Method Path Description
GET /ping Health check (required by RunPod)
POST /generate Text generation (swap mock for real model)
GET /stats Request and connection stats
WS /ws Streaming WebSocket generation

Project structure

.
├── app.py            # FastAPI application
├── Dockerfile        # Container definition
├── requirements.txt  # Python dependencies
└── README.md

Local development

pip install -r requirements.txt
python3 app.py
# Server starts on http://localhost:80

Build and push Docker image

docker build --platform linux/amd64 -t YOUR_DOCKER_USERNAME/worker-lb-websocket:latest .
docker push YOUR_DOCKER_USERNAME/worker-lb-websocket:latest

Deploy to RunPod

  1. Go to the Serverless page in the RunPod console.
  2. Click New EndpointImport from Docker Registry.
  3. Enter your image URL: YOUR_DOCKER_USERNAME/worker-lb-websocket:latest
  4. Click Next and give your endpoint a name.
  5. Under Endpoint Type, select Load Balancer.
  6. Choose at least one GPU type (16 GB+ recommended).
  7. Click Deploy Endpoint.

Once deployed, all endpoints are accessible at:

https://<ENDPOINT_ID>.api.runpod.ai/<PATH>

Testing HTTP endpoints

Replace ENDPOINT_ID and RUNPOD_API_KEY in every command below.

Health check

curl -X GET "https://ENDPOINT_ID.api.runpod.ai/ping" \
  -H "Authorization: Bearer RUNPOD_API_KEY"

Expected response:

{"status": "healthy"}

Generate text

curl -X POST "https://ENDPOINT_ID.api.runpod.ai/generate" \
  -H "Authorization: Bearer RUNPOD_API_KEY" \
  -H "Content-Type: application/json" \
  -d '{"prompt": "Hello, world!", "max_tokens": 50, "temperature": 0.8}'

Expected response:

{"generated_text": "Response to: 'Hello, world!' (tokens=50, temp=0.8, request #1)"}

Stats

curl -X GET "https://ENDPOINT_ID.api.runpod.ai/stats" \
  -H "Authorization: Bearer RUNPOD_API_KEY"

Expected response:

{"total_requests": 1, "active_websocket_connections": 0}

Testing the WebSocket endpoint

The WebSocket endpoint is at:

wss://ENDPOINT_ID.api.runpod.ai/ws

Authentication uses the same Authorization: Bearer header.

Option 1 — wscat (Node.js CLI)

Install:

npm install -g wscat

Connect and send a message:

wscat \
  --connect "wss://ENDPOINT_ID.api.runpod.ai/ws" \
  --header "Authorization: Bearer RUNPOD_API_KEY"

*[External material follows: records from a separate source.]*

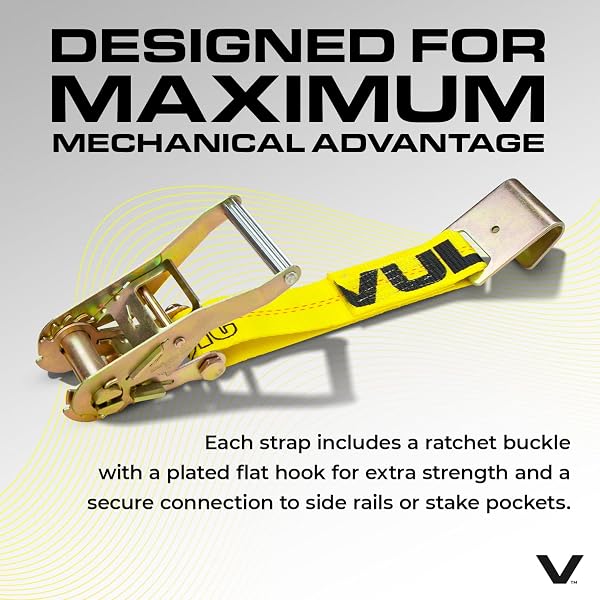 VULCAN CAR TIE DOWN WITH FLAT HOOKS – LASSO STYLE – 2 INCH X 96 INCH – 4 PACK – CLASSIC YELLOW – 3,300 POUND SAFE WORKING LOAD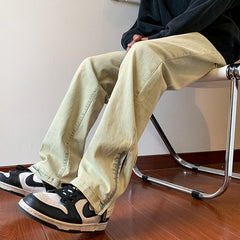 Men Jeans Zipper Dyed Jeans Men's Split Washed Straight Bootcut Trousers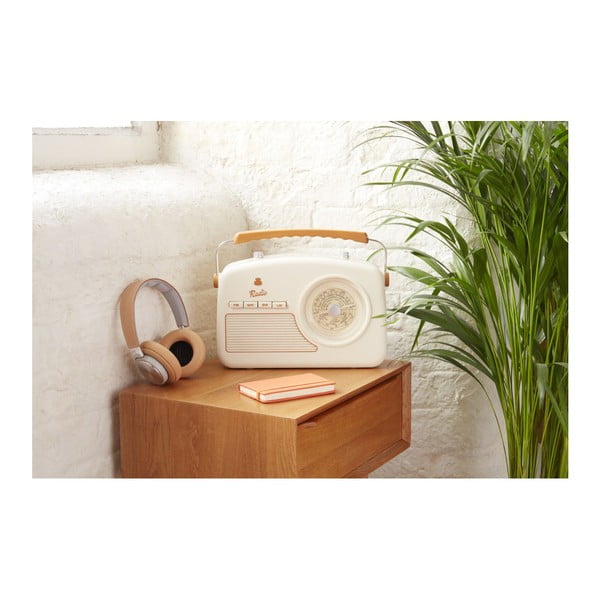 Kreminės ir baltos spalvos magnetofonas GPO Rydell Nostalgic Dab Radio Cream-image-2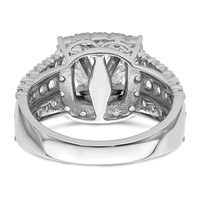 14K White Gold 1.33 Carat Lab Grown Diamond VS SI+ G+ 1 Carat Center Round Semi Mount Engagement Ring view 5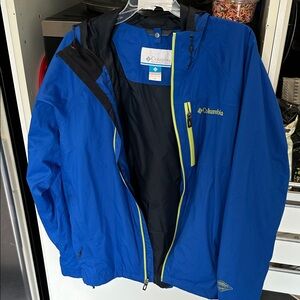 Columbia Royal Blue Jacket with Lime Accents med large new never worn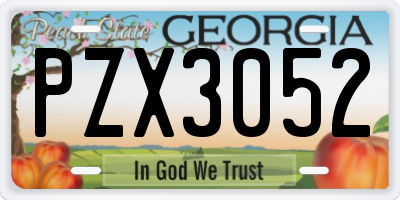 GA license plate PZX3052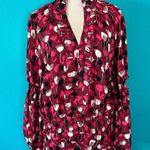 CAbi  Red Black Pink Long Sleeve Blouse & Midi A-Line Skirt Office Size 6 & M Photo 2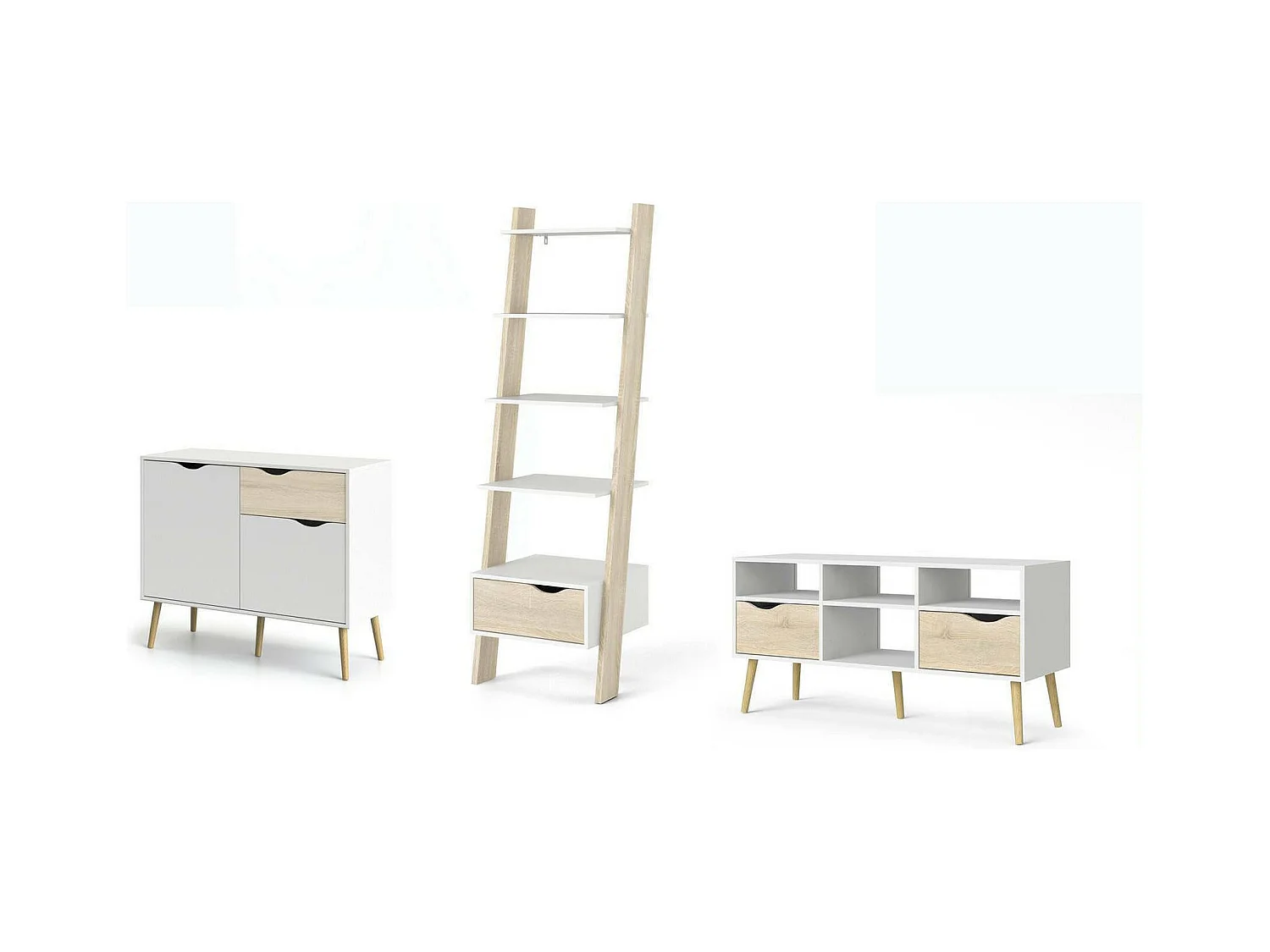 Bibliothèque Apiro, Etagère de bureau, Porte-livre mobile, Librairie, 207x166 h84 cm, Blanc et chêne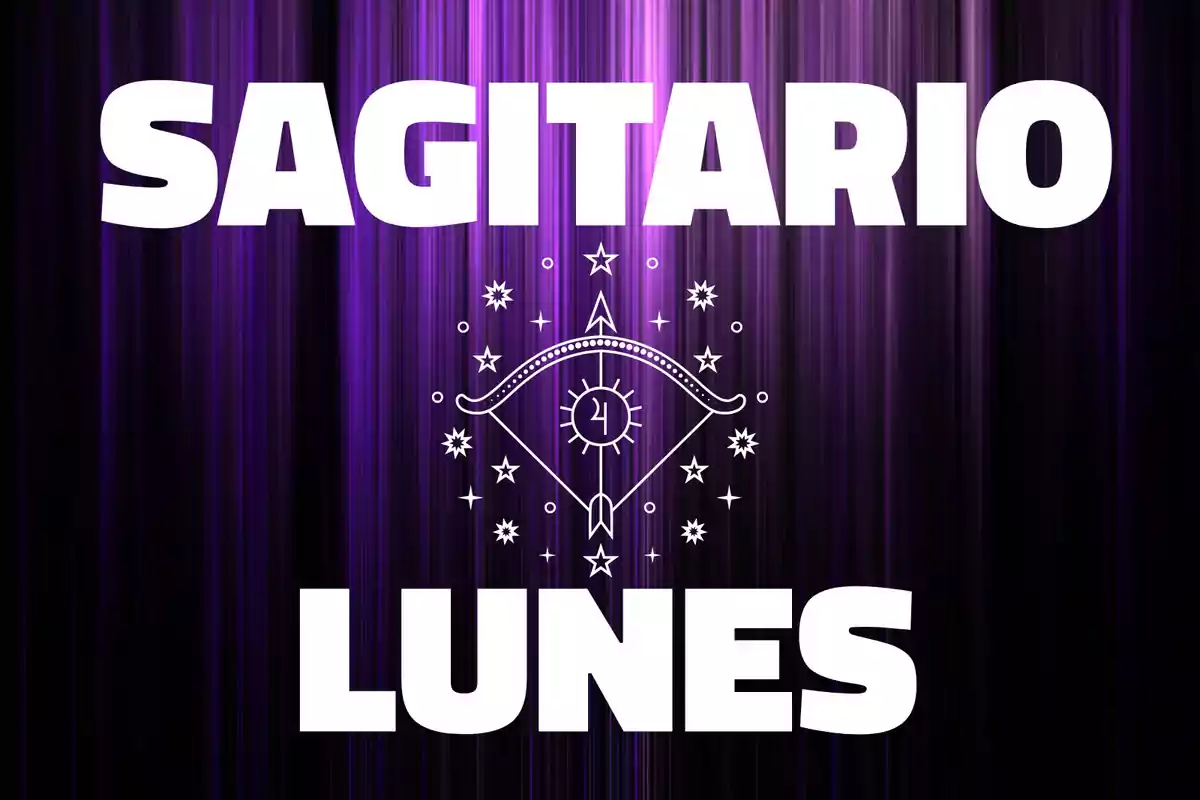 Fondo morado con líneas verticales, texto Sagitario en la parte superior y Lunes en la parte inferior, con un diseño místico de estrellas y un ojo en el centro.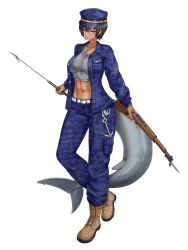 1girl anchor black_hair blue_jacket blue_pants breasts brown_footwear crop_top dairoku_ryouhei dark-skinned_female dark_skin fins fish_tail full_body grey_shirt gun harpoon holding holding_gun holding_weapon jacket jewelry kemuri_(etep3372) long_sleeves medium_breasts mouth_hold navel necklace open_clothes open_jacket pants pocket shark_tail shirt short_hair smoking solo standing tail tan toned toned_female transparent_background weapon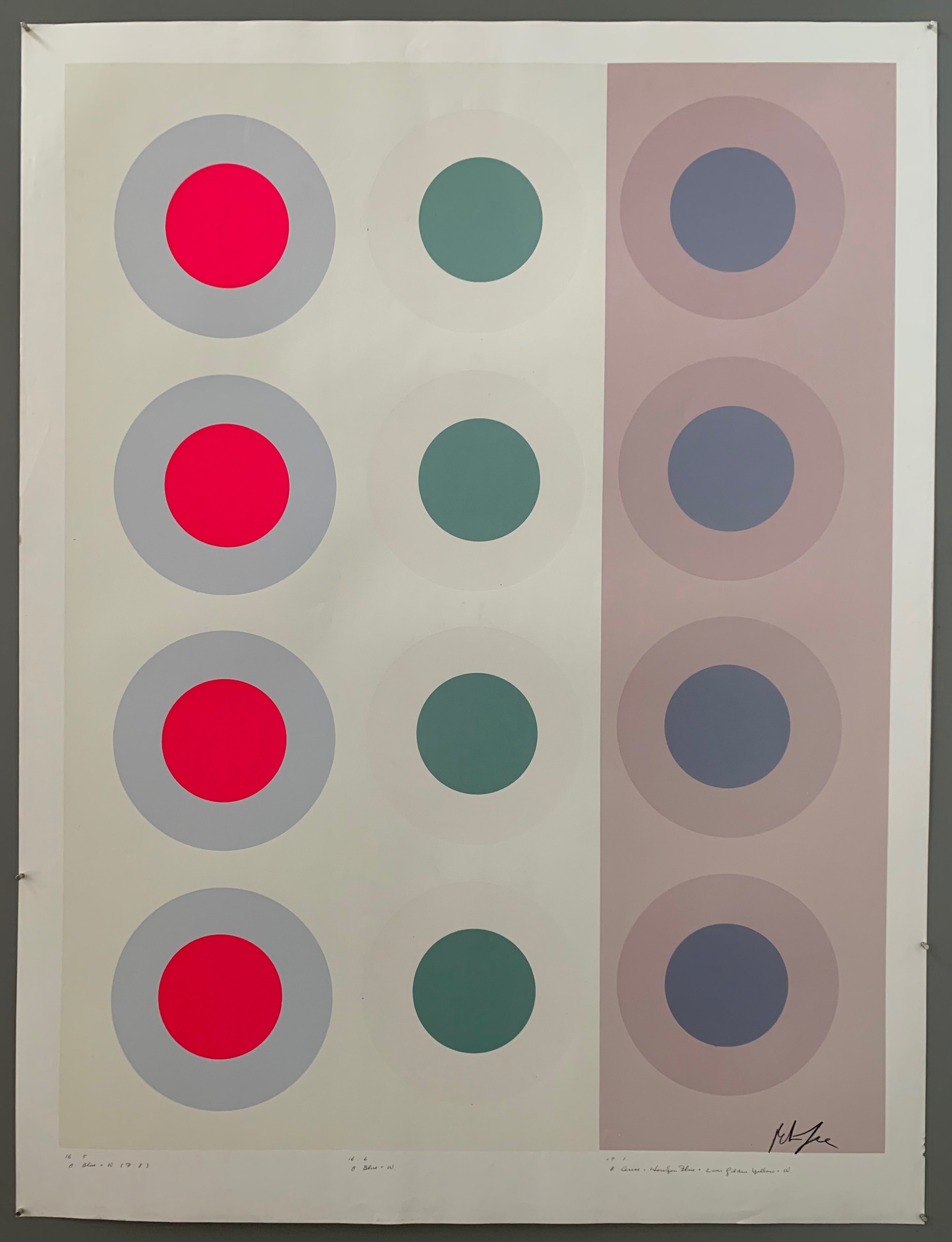 Three rows of panels on cream and purple panels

Once connected, type a JSON payload and press Enter:

{"prompt": "Tell me about load balancing", "max_tokens": 20}

You will receive a stream of token frames followed by a done frame:

{"token": "Streaming", "index": 0}
{"token": "response", "index": 1}
{"token": "for:", "index": 2}
...
{"done": true, "total_tokens": 7}

Option 2 — Python script

import asyncio
import json
import websockets

ENDPOINT_ID = "YOUR_ENDPOINT_ID"
RUNPOD_API_KEY = "YOUR_RUNPOD_API_KEY"

async def test_websocket():
    url = f"wss://{ENDPOINT_ID}.api.runpod.ai/ws"
    headers = {"Authorization": f"Bearer {RUNPOD_API_KEY}"}

    async with websockets.connect(url, additional_headers=headers) as ws:
        payload = {"prompt": "Hello from Python!", "max_tokens": 30, "temperature": 0.7}
        await ws.send(json.dumps(payload))

        while True:
            message = await ws.recv()
            data = json.loads(message)
            print(data)
            if data.get("done"):
                break

asyncio.run(test_websocket())

Run it:

pip install websockets
python3 test_ws.py

Option 3 — Local testing (no RunPod)

Start the server locally:

python3 app.py

Then connect without auth headers:

wscat --connect "ws://localhost:80/ws"

Or with the Python script, replace the URL with ws://localhost:80/ws and remove the headers argument.


Environment variables

Variable Default Description
PORT 80 Main application port (HTTP + WebSocket)
PORT_HEALTH same as PORT Health check port (set to a different port if needed)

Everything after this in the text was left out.